WHAT THIS TASK INVOLVES: Starting with the line in which "電力電容器串l聯(lián)電抗器現(xiàn)場(chǎng)圖" appears, give back every line exactly as written until the listing ends, excluding pictures.

SOURCE MATERIAL:
◇ ◇ ◇ ◇ ◇

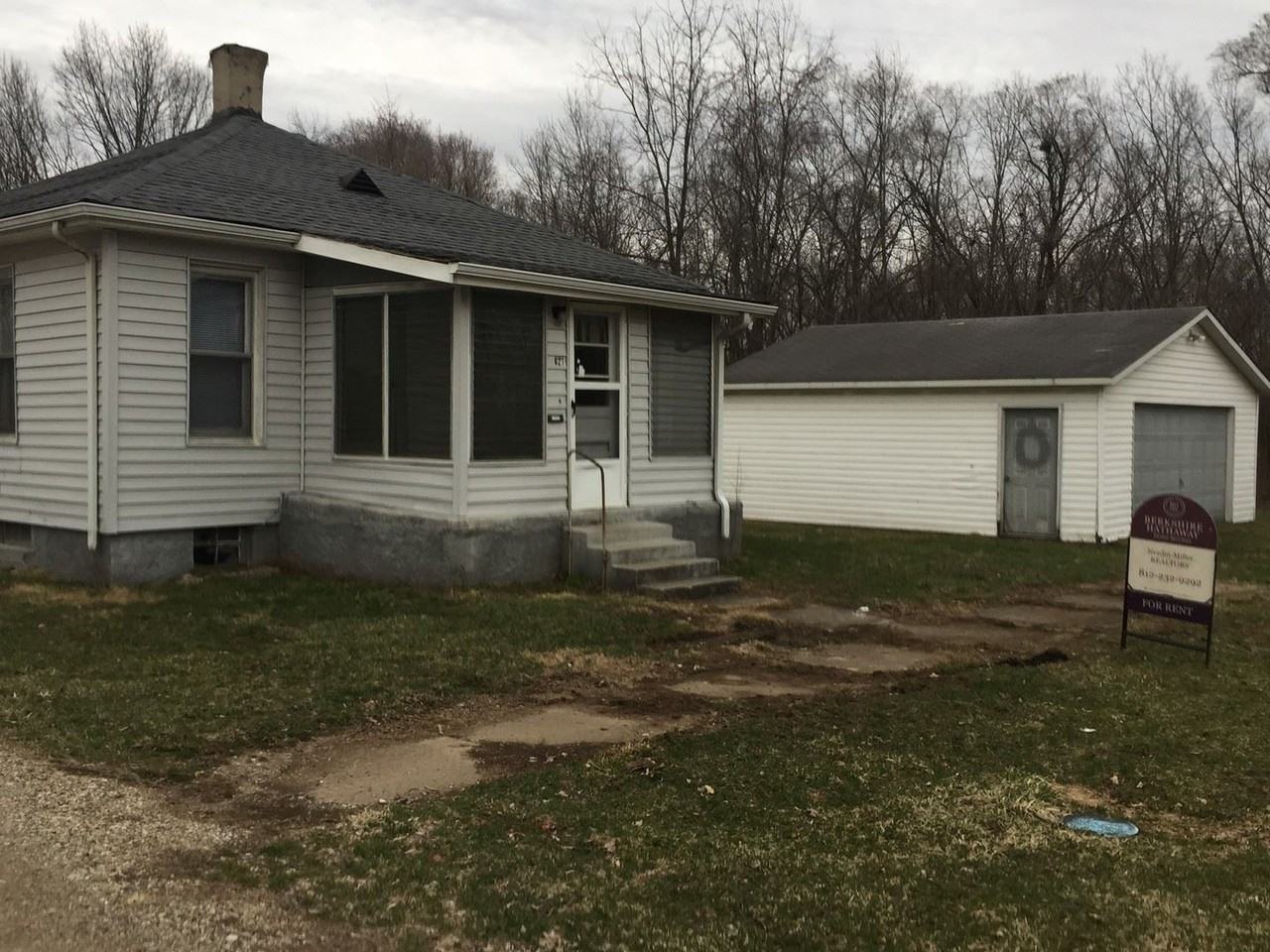 621 Matthews St - Photo 2 of 6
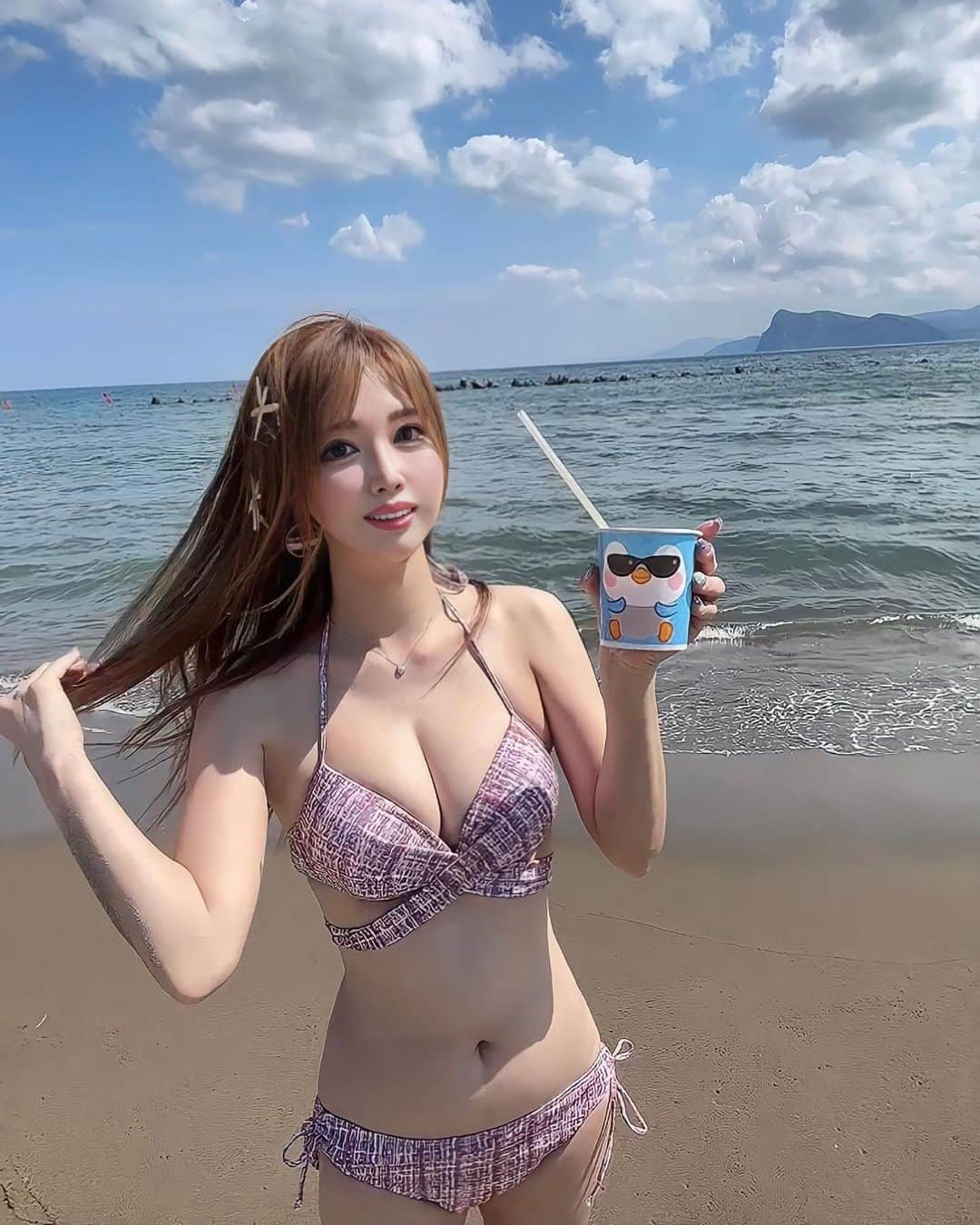 北山美奈のインスタグラム：「この日は暑すぎたのでかき氷🍧🌊 この日の焼そば美味しかった☀️ （3枚目のペンギンと顔が似た🐧） 椅子に座って🪑後ろに転んだので腕と背中は砂だらけになり、そのまま腕に砂ついて写メしてたみたい😐 この日のピアスは同じ店のゆいかちゃんの　@rin_yuika 作品💝 髪飾りのヒトデは @chancoco0321  に貰ったもの💝  #バルセロナグループ #ラウンジ凛 #札幌 #すすきの #ススキノ #キャバクラ #キャバ嬢 #キャバクラ嬢 #ニュークラブ #ニュークラ #ニュークラ嬢 #ホステス #すすきのキャバクラ #すすきのキャバ嬢 #すすきのグルメ#美脚#美乳#おっぱいフェチ #札幌旅行 #美人 #美女 #可愛い #可愛い女の子 #海 #海水浴 #水着 #水着女子 #蘭島 #蘭島海水浴場 #かき氷」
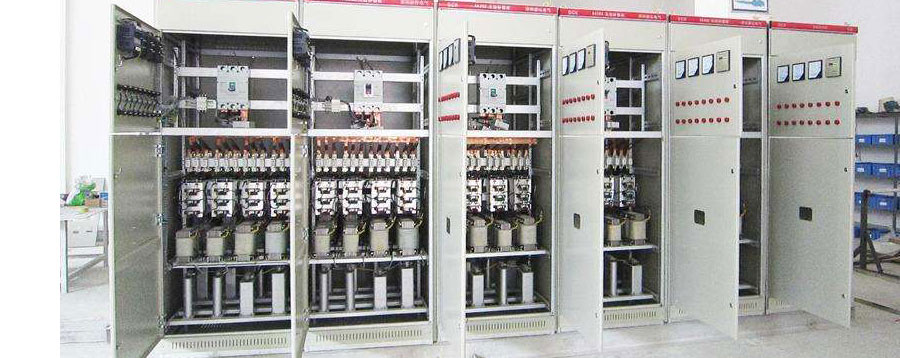 電力電容器串l聯(lián)電抗器現(xiàn)場(chǎng)圖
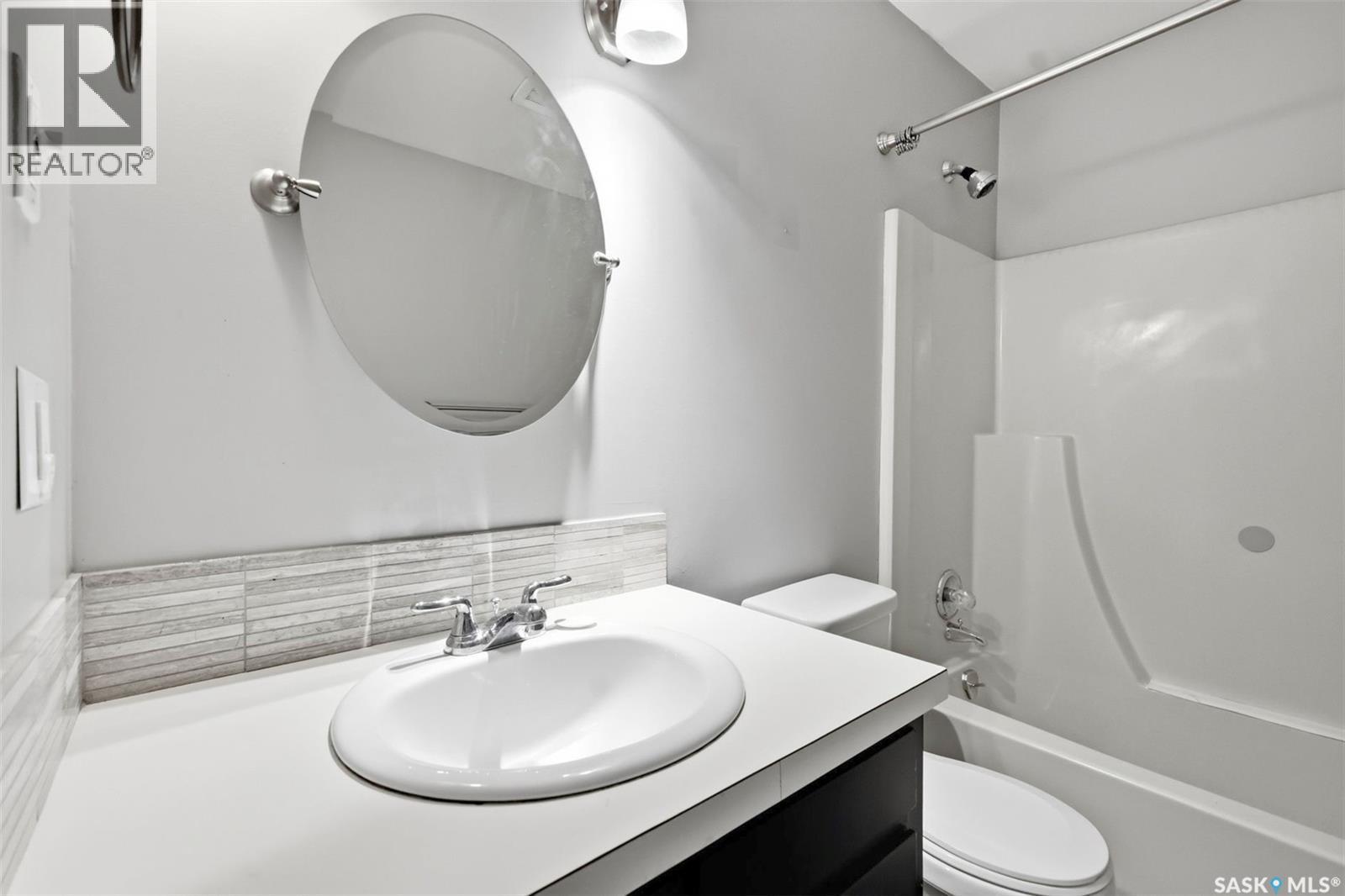 65 Rennie Place, Saskatoon, SK - Indoor Photo Showing Bathroom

◇ ◇ ◇ ◇ ◇

OUTPUT OF THE EXERCISE:
 電力電容器串l聯(lián)電抗器現(xiàn)場(chǎng)圖
 65 Rennie Place, Saskatoon, SK - Indoor Photo Showing Bathroom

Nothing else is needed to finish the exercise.